Since I was just in the Rocky Mountains, I will linger there for a day by writing about A Lady’s Life in the Rocky Mountains (1879) by Isabella Bird, the greatest tourist of the 19th century. In this book she is mostly in Colorado, exploring the mountain trails on horseback, often alone, sometimes assisted by the desperados, settlers, and other tough characters she encounters.
… I at once inquired if I could get to Green Lake. The landlord said he thought not; the snow was very deep, and no one had been up for five weeks, but for my satisfaction he would send to a stable and inquire. The amusing answer came back, “If it’s the English lady traveling in the mountains, she can have a horse, but not any one else.” (Letter XII)
Her adventures – her unlikely existence – featured in the Colorado newspapers, Bird becomes a celebrity while she is there.
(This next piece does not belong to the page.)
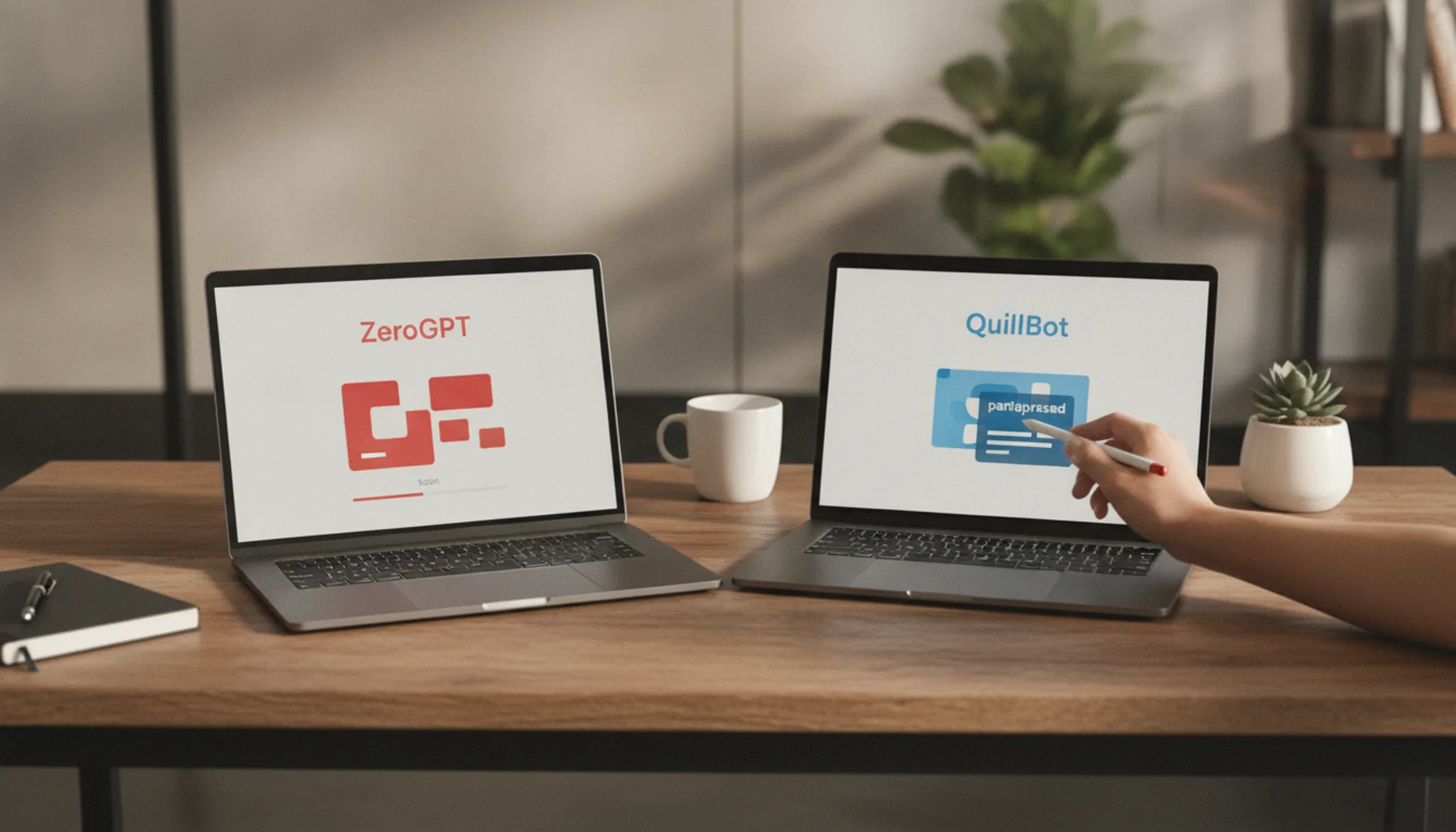 ZeroGPT vs QuillBot side by side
She is not the only celebrity in Colorado, but perhaps the only one who is not an outlaw, like the terrifying Comanche Bill (“my intelligent, courteous companion was one of the most notorious desperadoes of the Rocky Mountains, and the greatest Indian exterminator on the frontier,” Letter XI) and a man who becomes Bird’s close friend and companion, Rocky Mountain Jim Nugent (“She was as proud of having him in her house as if he had been the President, and I gained a reflected importance!,” Letter XVII).
Mountain Jim guides Isabella Bird on her ascent of Longs Peak, a highlight of the book. Nowadays I believe you can drive most of the way to the top, and Bird herself writes that “[t]ruly terrible it was for me, to a member of the Alpine Club it would not be a feat worth performing” (Letter VII). Nevertheless Bird’s book is part of the 1870s mountain-climbing craze, in the less crazed division. Photo from the National Park Service. They also have a little tribute to Bird as one of the founders of Rocky Mountain National Park.
Once Bird started traveling, and writing, she never stopped. Trips to and books about Australia and Hawaii preceded A Lady’s Life, and the next stop would be Japan. She is the woman that rode the mule ‘round the world, so to speak (warning: music). I have read Unbeaten Tracks in Japan (1880). As interesting as that book is, it does not have as good a story as A Lady’s Life in the Rocky Mountains, which in places has the narrative drive of an exciting novel and is curiously made more interesting by being less exotic. Bird observes her own culture but in an unfinished form, as if civilization has collapsed but is being rebuilt amidst the rattlesnakes, blizzards, and black flies. “Here the life was rough, rougher than any I had ever seen” she writes early in the book (Letter IV). She not only develops a taste for certain parts of that roughness – not for the filth and flies – but helped develop that taste in who knows how many readers.